I’m happy the purple and gold beat the “Pelicans,” but three wins isn’t a true streak. And if the Lakers get too comfy, they’re going to slump back down to where they were at the beginning of the season, struggling to find a rhythm, an identity, and a plan of attack. Full disclosure: I’m a Lakers fan, and one that never really liked the idea of chanting Lob City. Sure, it’s fun—the Clippers are easily a more exciting team to watch—but I’ll always identify with Kobe and Co. That doesn’t mean I believe the Lakers are going to bounce back—and that they’ll do it starting now. Chances are the Lakers will win tonight against the Suns. At least I’d hope they’d have the mid-season gusto to do so. But even with a potential four wins under their belt, we know (or should know by now) that the big picture of this season isn’t going to dramatically and miraculously change.
Kobe Bryant has been the only consistent form of true offense the Lakers have seen all season, and over the course of his career, the Kloser has developed a reputation for his master-of-all-trades style of play, dishing when he needs to, shooting when he needs to, and coming up clutch in the nick of time. But any time the Lakers have had to rely on a one-man-show, it’s never resulted in a championship. Not with Bryant. The Lakers are always most successful when Kobe has somebody to play off of. But the Shaq days are long gone, and over the years, we’ve seen many a center pass through the paint, and with what? Not much. Other bigs such as Pau Gasol and Metta World Peace have been effective but in the most ephemeral of ways.
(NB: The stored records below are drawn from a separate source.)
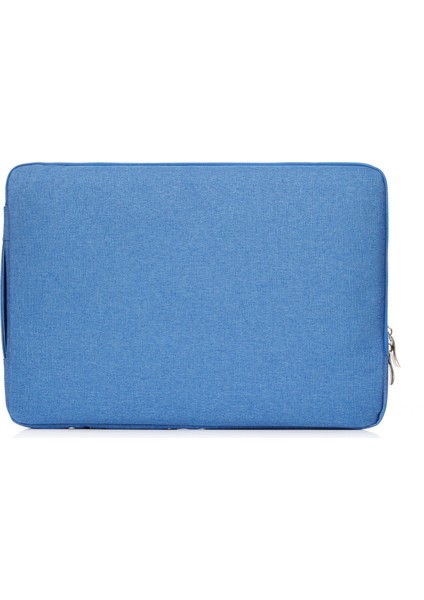 13.3 Inç Açık Mavi Notebook Çantası (Yurt Dışından)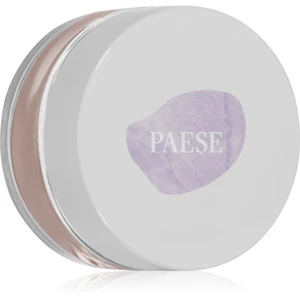 Paese Mineral Line Highlighter sypký rozjasňovač odstín 500N natural glow 6 g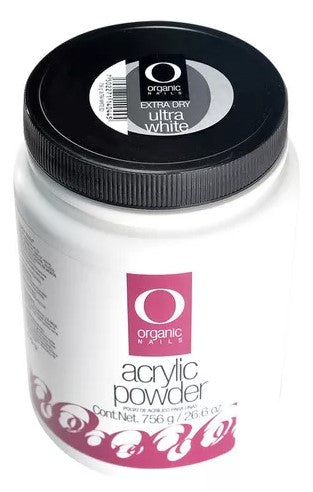 Extra Dry Ultra White Acrilico Organic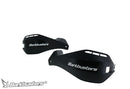 EGO Plastic Guards Black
We had hopes with Howard, and maybe he’s finally waking up and growing into his role, but we’re not going to see the fruits of those labors before the fall. We’ve been underwhelmed this season. I want so badly to say, “In Nash we trust,” but right now it would be a lie. And the other supporting roles on the team are hardly doing what their names once implied.
Three wins are nice for now, I agree with that. But the Lakers will be defined by their upcoming seven-game onslaught. My advice to fans: don’t get your hopes up. As much as it pains me to say, Showtime isn’t coming back this season and Lob City, if you’re between ships, is the place to be. I’m happy to get proven wrong.
Next up: The Los Angeles Lakers take on the Phoenix Suns tonight at 7:30 p.m. PT.